Nothing Like the Real Thing


April 6, 2012

students look at textile while professor points at material

By Laura Donnelly-Smith

It’s chilly and dimly lit in a basement storage room of the Textile Museum, where an air-circulation system hums without fail in the background, keeping the room’s temperature and humidity at the proper levels to protect the room’s precious contents. On a large display table, a museum staffer carefully unfurls a piece: a maroon velvet textile woven with white botanical patterns.
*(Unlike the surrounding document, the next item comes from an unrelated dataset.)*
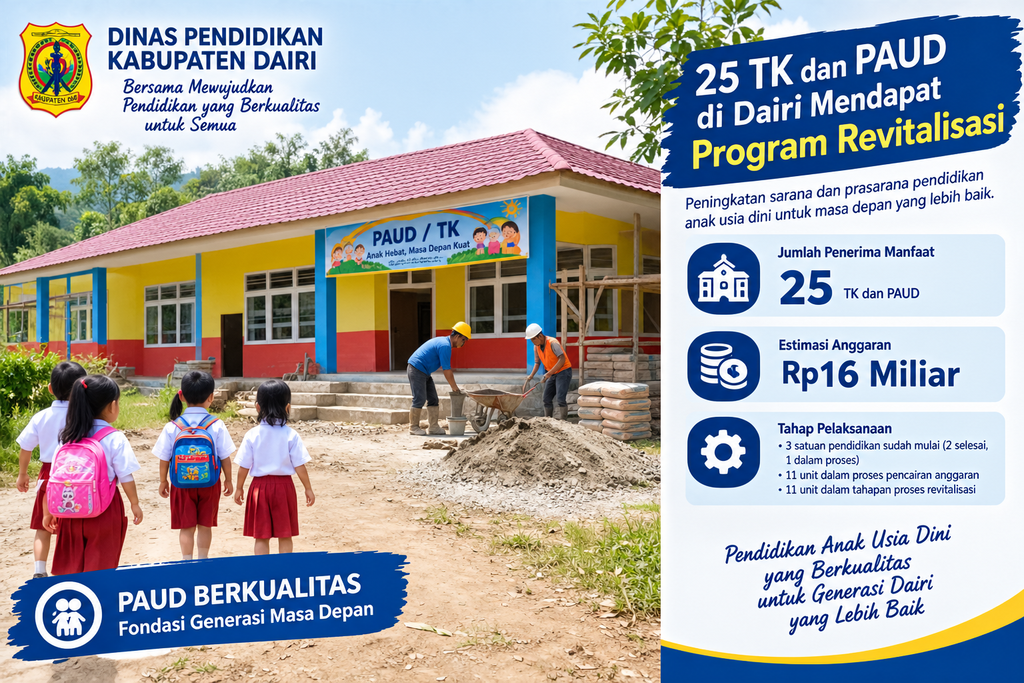 25 TK dan PAUD di Dairi Mendapat Program Revitalisasi, Anggaran Diperkirakan Rp16 Miliar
Vibrantly colored and exquisite, it belies its age—the piece is perhaps 400 years old.

Sumru Belger Krody, a senior curator at the museum and a GW professorial lecturer of art history, asks the six students in her seminar class, Textiles and Politics, to step closer and begin describing the piece.

“Start with the basics,” she encourages them. “It’s a floral design, on a red background. Probably from the shininess, it’s silk, although you cannot know until the analysis of it. This area looks like metallic thread. And it’s velvet, because it has this fuzz. If you look closely there’s a difference between the white area and what’s sticking up.”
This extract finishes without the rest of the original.